LAS VEGAS -

The data makes one thing fairly clear about incentive spending: it’s substantial these days.

But how are incentives really impacting used-car values? And is elevated spending enough to cause a panic?

NADA Used Car Guide’s Jonathan Banks and Larry Dixon took a close look at the impact of incentive spending — plus a multitude of other factors that play a role in used-car pricing — during a presentation at Used Car Week's National Remarketing Conference titled “Used Vehicle Market: Impending Collapse or Continued Success.”

Given how the spike in new-car sales has evened out a bit, OEM incentives have been ramped up, approaching some of the highest levels in history, the NADA analysts noted.  

Third-quarter incentives were up 18 percent year-over-year, with spending moving to a level not seen since 2004 when the market was awash with incentives, according to NADA.

Automakers have scaled back on cash incentives from a decade ago, they noted, but they are still putting record or near-record amounts on finance and lease subvention.

And according to the latest Guidelines report from NADA Used Car Guide, October was the 21st straight month of annual gains in incentive spending — and specifically, spending for the month was north of $2,700 per unit, a 5.7-percent year-over-year spike, NADA said, citing Autodata Corp.

Through 10 months of 2014, incentive spending is up 8.4 percent over the year-ago period, NADA indicated in the report.

But here’s an important caveat as it relates to used-car prices, as noted by Banks in the Guidelines report.

“Manufacturer incentives likely played less of a role in dampening used prices in October than in the prior three months.

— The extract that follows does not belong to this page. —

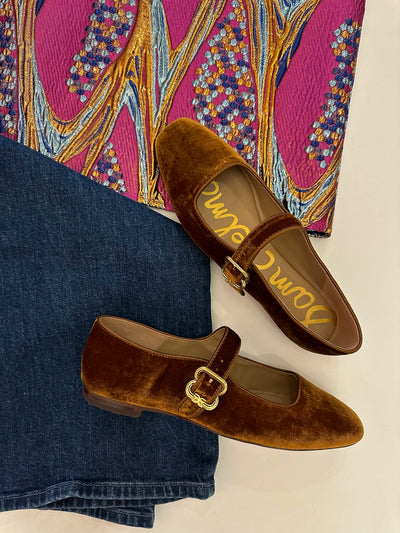 Alice Blouse in Metallic Multi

On average, spending grew by 5 percent compared to October 2013 according to Autodata data,” Banks said.

“This is down sharply from the 18 percent annual rate of growth recorded in the third quarter,” he continued. “After having risen by an average of 5 percent over the preceding five months, incentives for 2014 models fell by just over 1 percent compared to September, while automakers pulled spending back by an even steeper 8 percent on 2015 models.”

Banks also emphasized that the share of total new-vehicle sales from the 2015 model-year crowd was at 48 percent in October, versus 32 percent in September.

And here’s a big takeaway from Banks’ and Dixon’s presentation at NRC.

Yes, elevated incentive spending — along with stronger supply and weakening credit conditions — are likely to have a downward impact on used-car pricing.

However, there is something these developments and other concerns are met with: a more robust economy and the paradigm shift the industry has gone through recently, they said.

Specifically, NADA is projecting a 2.2-percent year-over-year drop in used-car prices for the fourth quarter. Further out, it expects Q4 2015 used prices to fall another 5 percent from Q4 2014.

Such a decline would result in used prices about 3 percent stronger than 2010 levels.

And this, NADA said, is fairly acceptable given how much strength and growth used prices have seen in recent years.